■ **RECORDS FOR THIS TASK**
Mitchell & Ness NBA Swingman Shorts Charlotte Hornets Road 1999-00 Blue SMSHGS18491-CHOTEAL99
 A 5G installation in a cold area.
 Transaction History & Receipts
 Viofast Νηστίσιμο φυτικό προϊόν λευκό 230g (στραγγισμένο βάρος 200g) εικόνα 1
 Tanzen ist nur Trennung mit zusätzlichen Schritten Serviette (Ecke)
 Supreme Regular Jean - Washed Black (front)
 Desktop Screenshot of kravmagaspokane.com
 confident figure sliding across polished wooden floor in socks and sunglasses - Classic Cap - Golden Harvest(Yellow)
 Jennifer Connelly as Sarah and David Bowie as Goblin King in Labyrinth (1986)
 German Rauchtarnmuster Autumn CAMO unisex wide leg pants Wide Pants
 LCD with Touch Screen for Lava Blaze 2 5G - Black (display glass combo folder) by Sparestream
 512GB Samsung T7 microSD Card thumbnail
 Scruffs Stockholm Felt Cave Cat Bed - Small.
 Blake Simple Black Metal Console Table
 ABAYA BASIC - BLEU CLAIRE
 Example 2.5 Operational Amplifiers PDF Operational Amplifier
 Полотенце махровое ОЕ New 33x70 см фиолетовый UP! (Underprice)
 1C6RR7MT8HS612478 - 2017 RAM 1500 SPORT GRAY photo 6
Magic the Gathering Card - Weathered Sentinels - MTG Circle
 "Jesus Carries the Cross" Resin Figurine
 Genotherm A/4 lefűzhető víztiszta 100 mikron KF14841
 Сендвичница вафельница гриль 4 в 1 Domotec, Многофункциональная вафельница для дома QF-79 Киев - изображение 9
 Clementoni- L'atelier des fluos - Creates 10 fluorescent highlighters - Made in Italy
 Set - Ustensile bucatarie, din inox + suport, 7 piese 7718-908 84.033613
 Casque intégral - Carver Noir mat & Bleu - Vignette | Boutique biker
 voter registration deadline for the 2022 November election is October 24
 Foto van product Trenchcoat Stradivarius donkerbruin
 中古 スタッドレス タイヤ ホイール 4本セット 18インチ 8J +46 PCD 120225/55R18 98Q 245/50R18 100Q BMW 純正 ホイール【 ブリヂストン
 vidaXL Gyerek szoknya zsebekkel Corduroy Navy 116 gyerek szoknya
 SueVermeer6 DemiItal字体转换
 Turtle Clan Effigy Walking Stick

■ **WHAT IS EXPECTED**
The line containing "Viofast Νηστίσιμο φυτικό" marks the end. Please print exactly every line from the top of the data to it, both included, and nothing more.

■ **RESULT FOR THIS TASK**
Mitchell & Ness NBA Swingman Shorts Charlotte Hornets Road 1999-00 Blue SMSHGS18491-CHOTEAL99
 A 5G installation in a cold area.
 Transaction History & Receipts
 Viofast Νηστίσιμο φυτικό προϊόν λευκό 230g (στραγγισμένο βάρος 200g) εικόνα 1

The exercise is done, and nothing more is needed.